Linguística saussureana e o “êxtase” no erotismo feminino de Anaïs Nin

ÊXTASE. Para a escritora de literatura erótica, Anaïs Nin (1903-1977) – nascida na França e inserida no círculo de produção literária norte-americano, ao lado de um dos maiores escritores de literatura pornográfica do século XX (Henry Miller) — o êxtase, em paráfrase, nada mais é, do que o momento de conexão (na mulher) entre o útero e o coração quando se fundem em um mix de prazer e amor.  Sensação forte, e rara que se espalha como ondas elétricas pelo corpo. Além disso, seu significado é definido por alguns dicionários como um estado emocional em que um indivíduo entra em transe com a intensificação de vários sentimentos, como o prazer, a alegria, o medo. É, ainda, uma palavra utilizada por muitas pessoas para descrever o ápice de uma relação sexual ocidental: o orgasmo.

Tomando essa palavra, que tenta traduzir o quase intraduzível como exemplo e partindo da teoria linguística formulada por Ferdinand Saussure (1857-1913) e expressa por seus colaboradores e alunos no livro Curso de linguística geral, podemos responder as duas seguintes questões: O que é um signo linguístico? Quais são os conceitos de significado e significante?

O signo, aqui, é diferente de uma ideia generalizada, não é simplesmente a “palavra”. Para Saussure, o signo linguístico é uma entidade psíquica constituída de duas faces: a imagem acústica e o conceito. A imagem acústica é som que não é pronunciado no campo físico propriamente dito, mas no campo psíquico, ou seja, interiormente. É o que ele chama de significante. No exemplo acima, a leitura interiorizada que fazemos da palavra “êxtase”, seu som, que não é um som na realidade exterior, é a imagem acústica que constitui o signo. Já o conceito de um signo linguístico é um “fato de consciência”. É a definição. Saussure o chama de significado. No exemplo acima, a explicação, aqui parafraseada, da autora sobre o que seria esse sentimento é o seu significado específico. Os conceitos expressos, tanto pelo dicionário, quanto pela autora são os significados possíveis para descrever o que essa palavra representa.

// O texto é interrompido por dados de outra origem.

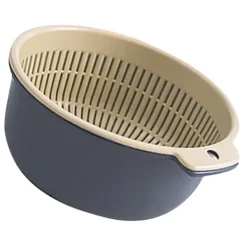 Durkslag & Silar-Frukt Grönsaker Tvättkorg Rund Dubbellager Kökssil Durkslagsskål Set för Frukt Grönsakstvätt Blå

Há ainda, duas características importantes sobre o signo linguístico segundo o autor. Uma delas é a ausência de causa lógica ou natural para a interligação de significante e significado, que foi chamada de arbitrariedade. É, com isso, uma relação arbitrária. Essa proposta que surge como uma divergência à ideia da convencionalidade (convenção), defendida por W. D. Whitney (1827-1894). Sendo assim, na teoria saussureana, não se tem uma explicação lógica sobre o porquê de ser a palavra “êxtase”, com essa imagem acústica, a representar esse sentimento humano designado por esse conceito. Por isso, se diz que a relação é imotivada, sem motivações. Além disso, outra característica importante dos signos é o caráter linear do significante dada a impossibilidade de reprodução de duas palavras ao mesmo tempo, seja no meio físico, seja no psíquico, dada a sua natureza acústica. Esses são os principais aspectos dos signos linguísticos. 

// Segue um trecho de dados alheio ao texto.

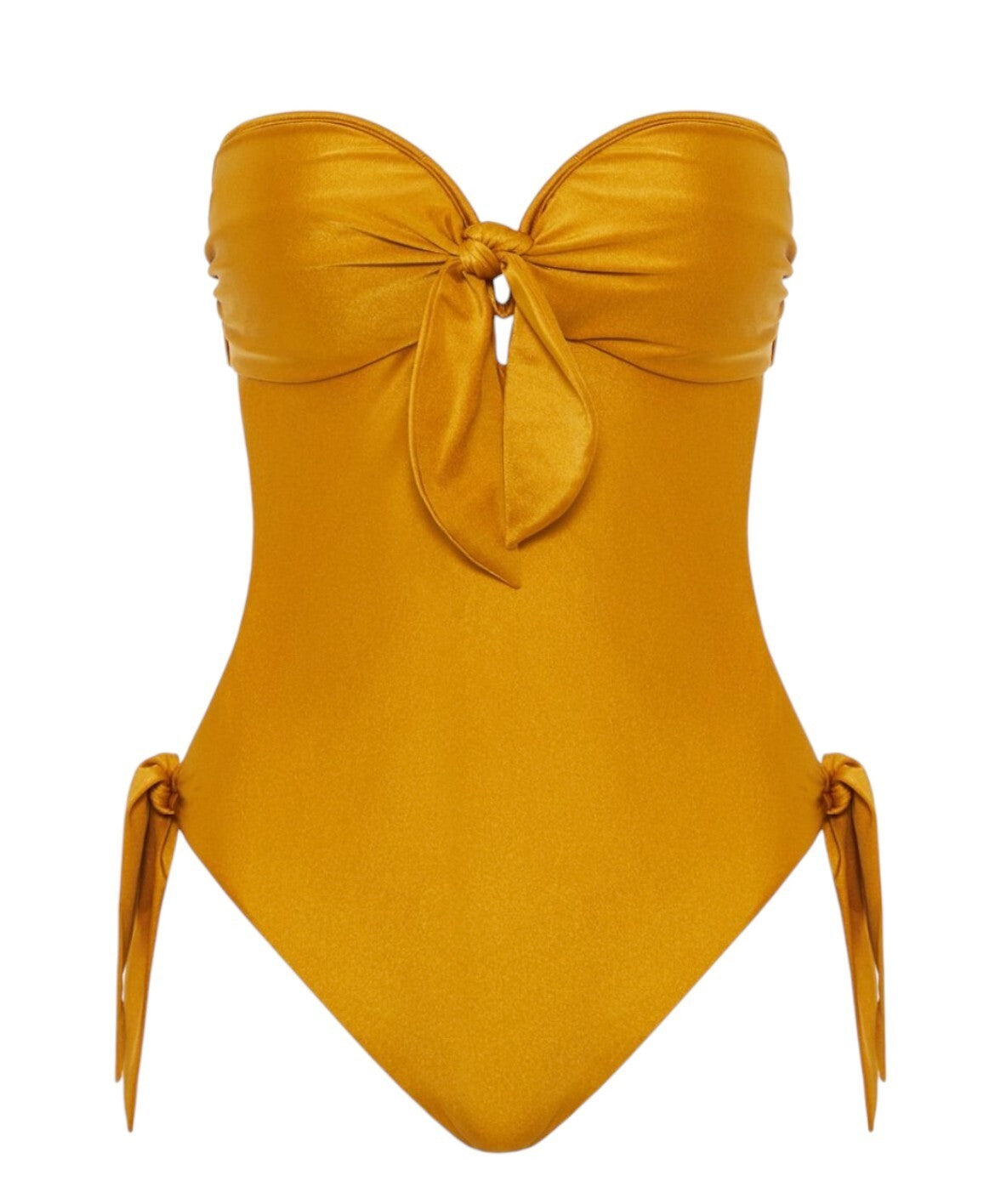 Zimmermann Acadian Scarf Tie One Piece | Mustard/Yellow, Removable Pads/Straps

De forma sintética pode-se dizer que o signo linguístico possui duas partes principais: a imagem acústica (= significante) e o conceito (= significado). Que a relação entre ambas as partes é arbitrária. E que o significante tem caráter linear. O significante da palavra “êxtase” é seu som mental produzido durante a leitura. E o conceito é o significado como costuma aparecer nos dicionários ou nas descrições literárias consideradas por cada autor ou autora que desenvolve o tema. No exemplo abordado, o signo tem seu conceito elaborado de forma íntima e profunda sob a perspectiva dessa artista, Anais Nin, que foi uma das pioneiras na história a escrever sobre o tema do erotismo por um viés feminino e encantador: de quem usa sua sensibilidade e fluidez como força, abrindo caminhos e possibilidades às futuras gerações.